You need to re-frame your thinking.
Don't ask yourself what HE wants.
Don't listen to what he says HE wants.
It's NOT about HIM. From now on, it's only about what YOU want. It's about what YOU think is best for the DC and what is best for YOU.
Don't allow him to try to use your DC to 'influence' your decision making either.
If your kids suddenly say that they want Daddy to come to their house on Xmas eve/day/night/boxing day, simply tell them that this is YOUR house, NOT Daddy's, and that when they see Daddy, it will be at HIS house.
Make it 100% clear to the DC that YOUR house is out of bounds to him.
Make it 100% clear to ExH too by telling him what will be happening at Xmas, NOT asking or 'negotiating' with him.
eg. ''ExH, the DC will be available to visit you from 330pm to 7pm on Xmas eve. You will collect them from school and I will collect them from your house at 7pm. If you want to see the DC, I will drop them at your house at 11am Xmas Day and collect them at 2pm, as we will be going to my parents for Xmas Lunch and supper.
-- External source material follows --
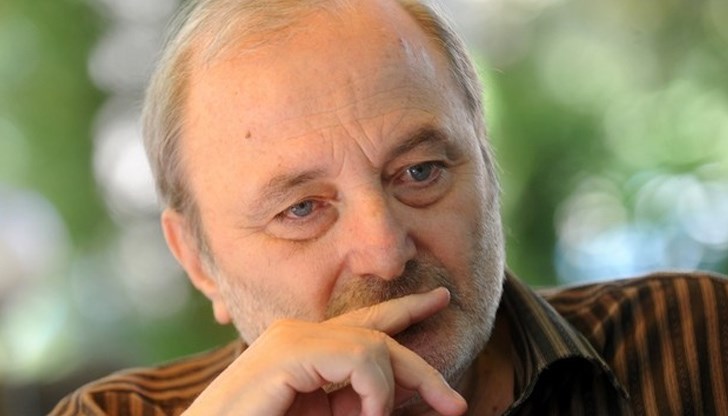 Американският век е на изчерпване, което е лоша новина, защото е глобален риск и защото приключва "светът от вчера", с който сме свикнали и който ни е скъп. Тъгуваме за този свят. Хегемон в упадък означава озверяла конкуренция и край на "моралното лидерство"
(Or as PP's suggested, giving the choice between X and Y only.)
It's no longer about trying to make HIM happy. It's no longer about doing what HE wants, when he wants etc.
It's about setting the very reasonable boundaries for your new co-parenting 'relationship'.
He will try very, very hard to keep the 'status quo' of him making decisions and you running around pandering to him, but stay strong and ride it out until he has no option but to accept a new 'normal'.
If he can't pick the kids up from school or isn't at home when you try to drop them off, then tough. You just go home and he has to wait for the next scheduled visit. (Make sure he can only contact you through an email address. All other methods of contact stay blocked)
Setting your new boundaries will be hard work, and he'll try anything and everything to try to force you back into the subservient 'accommodate' role he put you in during your relationship, so persistence, perseverance and patience will be your new 'norm'.
Just remember, if it was truly 'impossible' for anyone to 'manage' school pick up's, meals, homework, after school clubs, classes, sports etc, then how the hell do you and countless other Mums manage to do it?? Yep, they simply prioritize the kids needs/schedules etc.
He CAN do it, he simply wants YOU to continue to bend yourself all out of shape, arranging and accommodating things to suit HIM and HIS 'priorities'. (Usually his work and social activities or sports)
You'll soon see how much his DC are 'prioritized' by him.
You've done the hardest part, now at least you have your very own 'safe haven'.
You simply need to keep on keeping on.